Wer meine Oma kennt, der weiß, dass sie eine sehr korrekte Frau ist. Die Gardinen werden regelmäßig gewaschen, Gäste bis zum absoluten Pappsatt bewirtet, das Klo ist stets blitzblank geputzt und sonn- bzw. feiertägliche Betätigung in Haus und Garten absolut verboten: Das macht man nicht! Was sollen denn die Nachbarn denken?!
Trotzdem… hat sie manchmal Anfälle, bei denen ihr der Schalk aus allen Knopflöchern blitzt. Nicht nur dass sie mit weit über 80 noch Bocksprünge ins Schlafzimmerfenster macht, auch früher hat sie manchmal schon Dinger gebracht, die nur schwerlich mit jemandem zusammenpassen wollen, der sogar die Waschlappen bügelt. Zum Beispiel als mein Opa Ende der 60er in die Kur fuhr und dafür von Frau und Tochter verabschiedet werden sollte.
Ganz entgegen ihrer Gewohnheit war die Deutsche Bahn pünktlich (Ende der 60er eben, vielleicht lag es auch dran, dass mein Opa bei der Bahn malochte und besonderen Anspruch auf funktionierende Züge geltend machen konnte). Wie auch immer: Sein Zug war pünktlich, seine Frauen waren es nicht.

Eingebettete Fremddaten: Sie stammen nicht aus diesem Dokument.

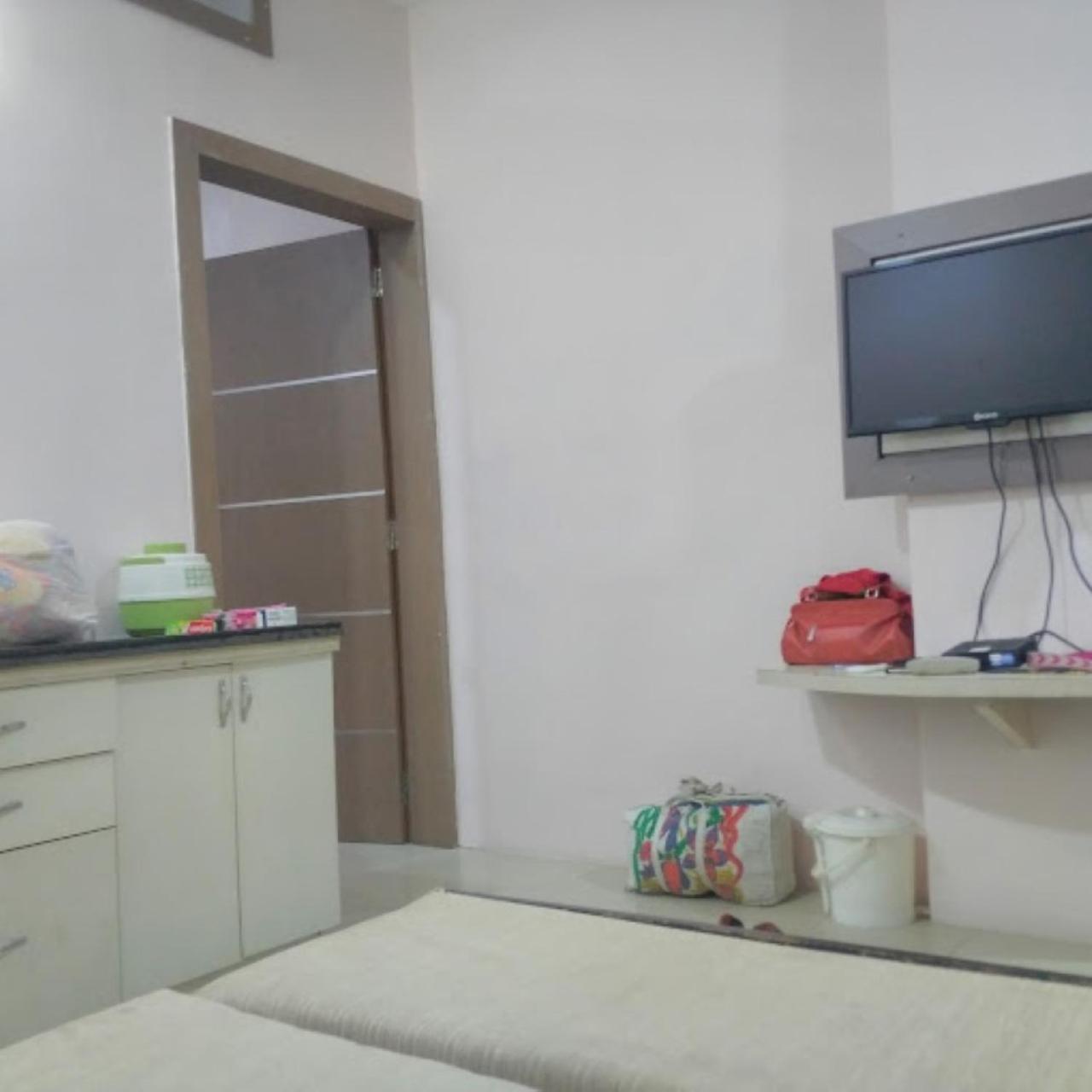 Divya Jyot Residency Bhuj Hotel Bagian luar foto
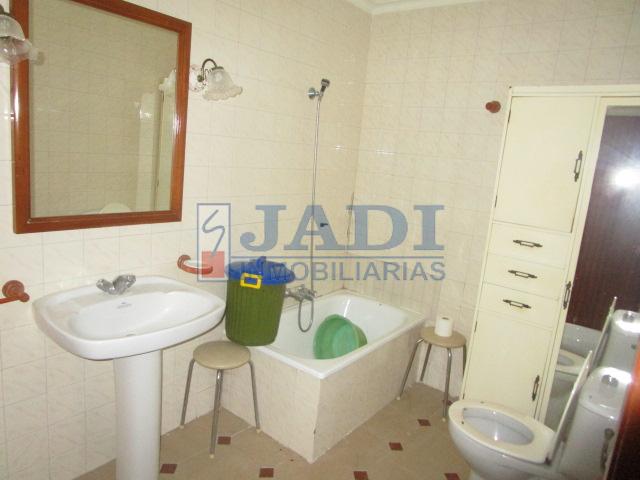 For sale of house in Valdepeñas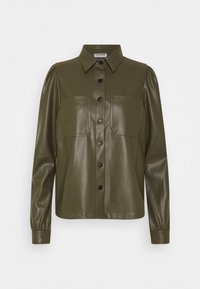 Giacca camicia in ecopelle verde oliva con chiusura a bottoni, due taschini sul petto e colletto; presenta spalle a sbuffo e maniche lunghe.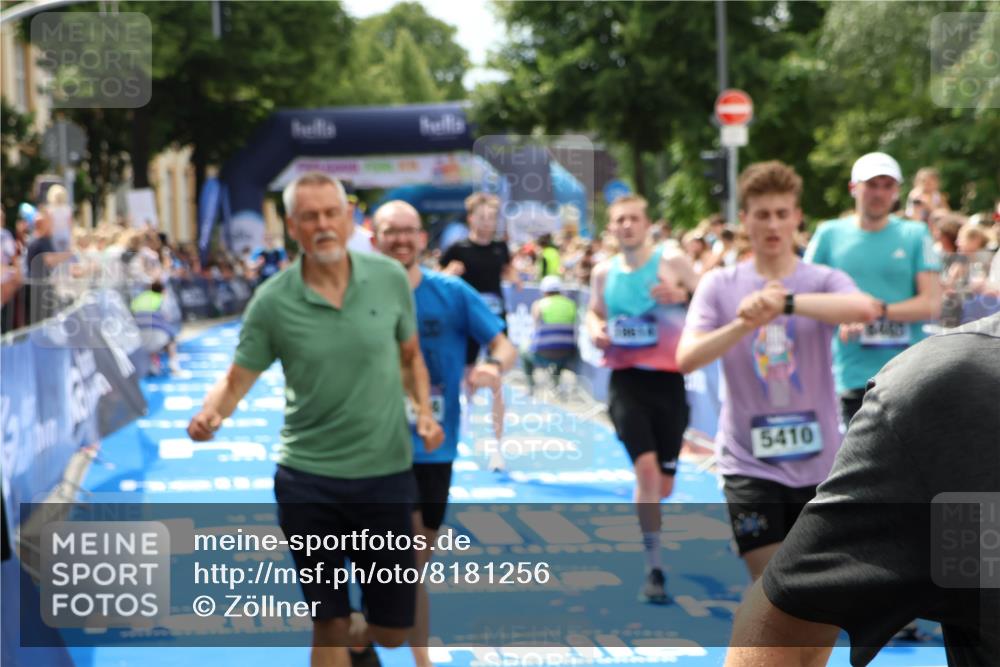 29.06.2025 - hella hamburg halbmarathon Zöllner http://msf.ph/oto/8181256 29.06.2025 10:40:22 Ziel 5410, 5803, 8370, 8465, 12704, 14699, 17916, 18614 meine-sportfotos.de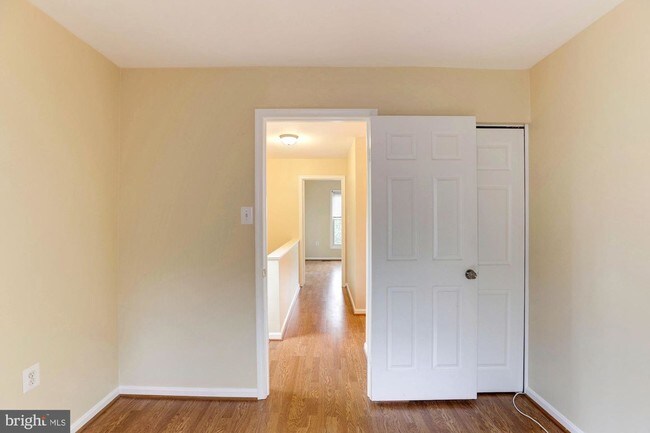 Building Photo - 7419 Barbados Ln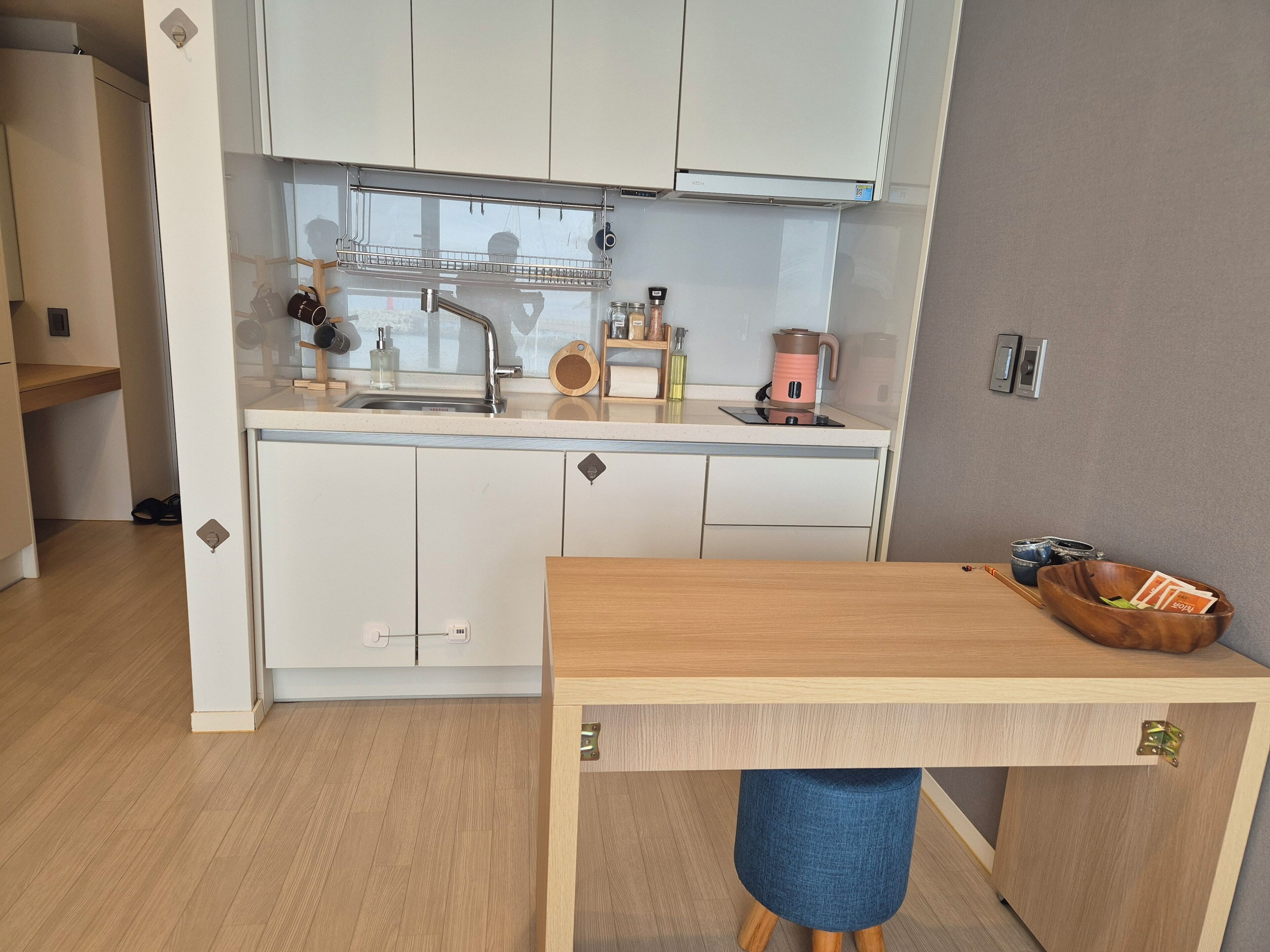 Micro-ondes, plaque de cuisson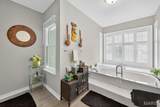 1033 Wilton Royal Drive - Photo 15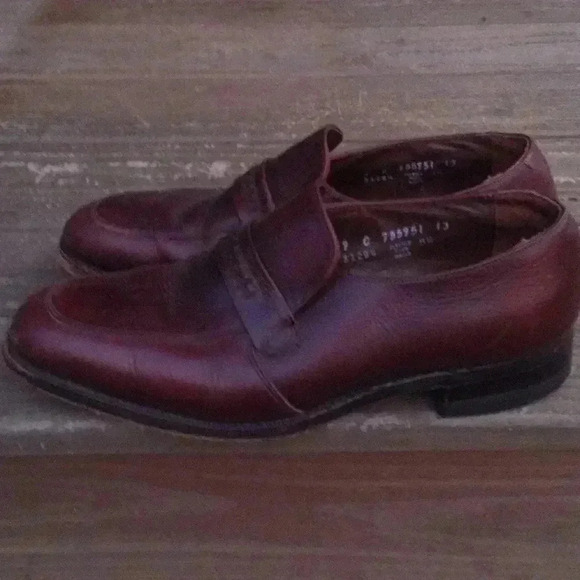 The Florsheim Loafers size 9 - Picture 5 of 8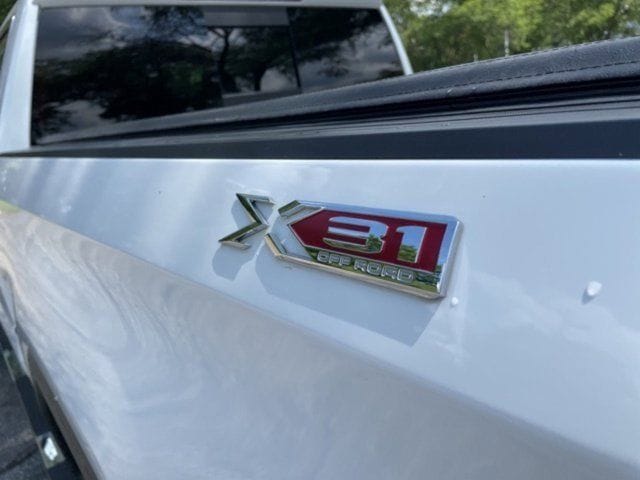 2023 GMC SIERRA - Image 38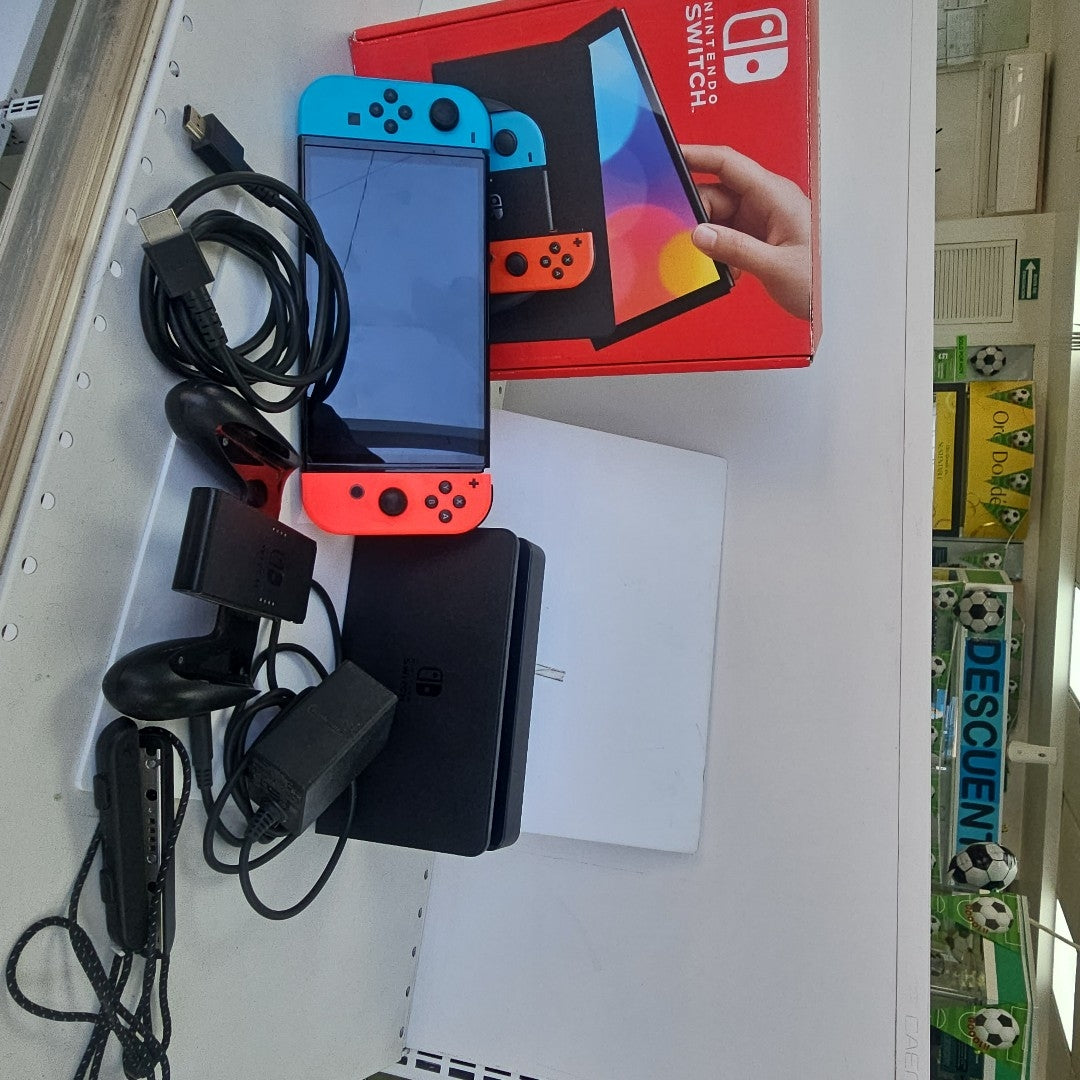 CONSOLA DE VIDEOJUEGO NINTENDO SWITCH OLED 64 GB (SEMINUEVO)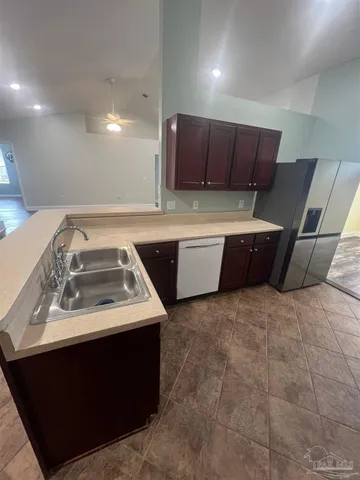 $2,075 | 4804 Ribault Lane, Milton, FL 32570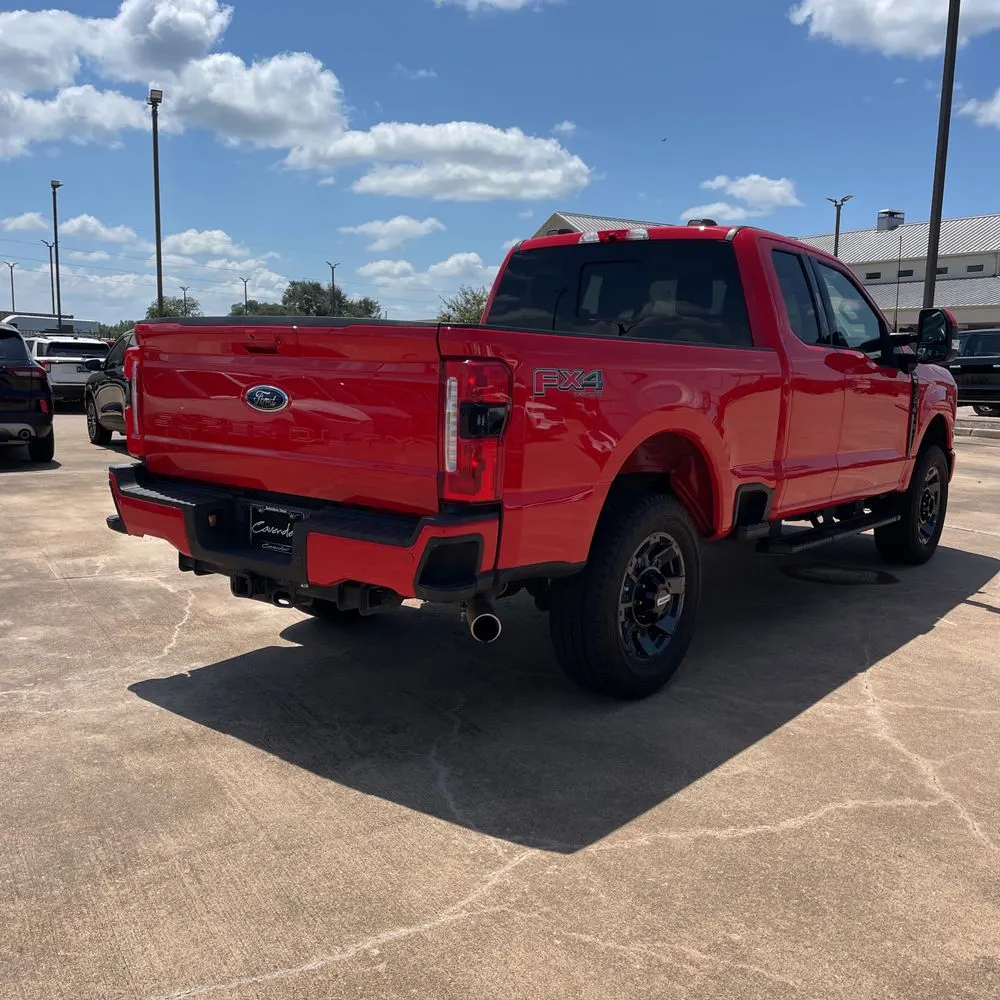 2023 Ford F-350 Super Duty Lariat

Meine Mutter war damals ungefähr 15 und meine Oma hochrespektable Chefsekretärin, die bei der Varta den ganzen Laden schmiss. So oder so beeilten sie sich, um meinen Opa noch zu erwischen – auf dem Weg zum Bahnhof nahmen sie sogar ein Taxi, damals ein absoluter Luxus für die Fuhrenkamp’sche Familie. Meine Mutter konnte als Jung-Handballerin flitzen wie ein Bürstenbinder, bei meiner Oma war das feine Chanel-Kostüm hinderlich. Zumindest, bis sie in vollem Galopp die Treppe zum Gleis hinauf rannte und Chanel mit einem unfeinen „krrrcht!“ den Geist aufgab. Da stand sie nun: in Kostümjacke, Strumpfhose, hohen Hacken und ansonsten blank. Es waren die 60er, Summer of Love, aber das ging auch nicht mehr als Mini-Minirock durch, niemals.
Aber wie gesagt: Meine Oma ist eine ganz Korrekte. Und korrekterweise musste der Mann in den Kuraufenthalt verabschiedet werden. Meine Oma nahm also Beine und Rockfetzen in die Hand, schaffte es rechtzeitig auf den Bahnsteig und winkte meinem Opa und dem abfahrenden Zug mit einem etwas ungewöhnlichen Fähnchen nach. Manchmal muss frau eben tun, was frau tun muss.
🙂
Daran zeigt sich die wahre Dame, dass sie auch in einer solchen Lage Haltung bewahrt 😉
werd ich ausrichten (dann kichert sie wieder schelmisch und freut sich).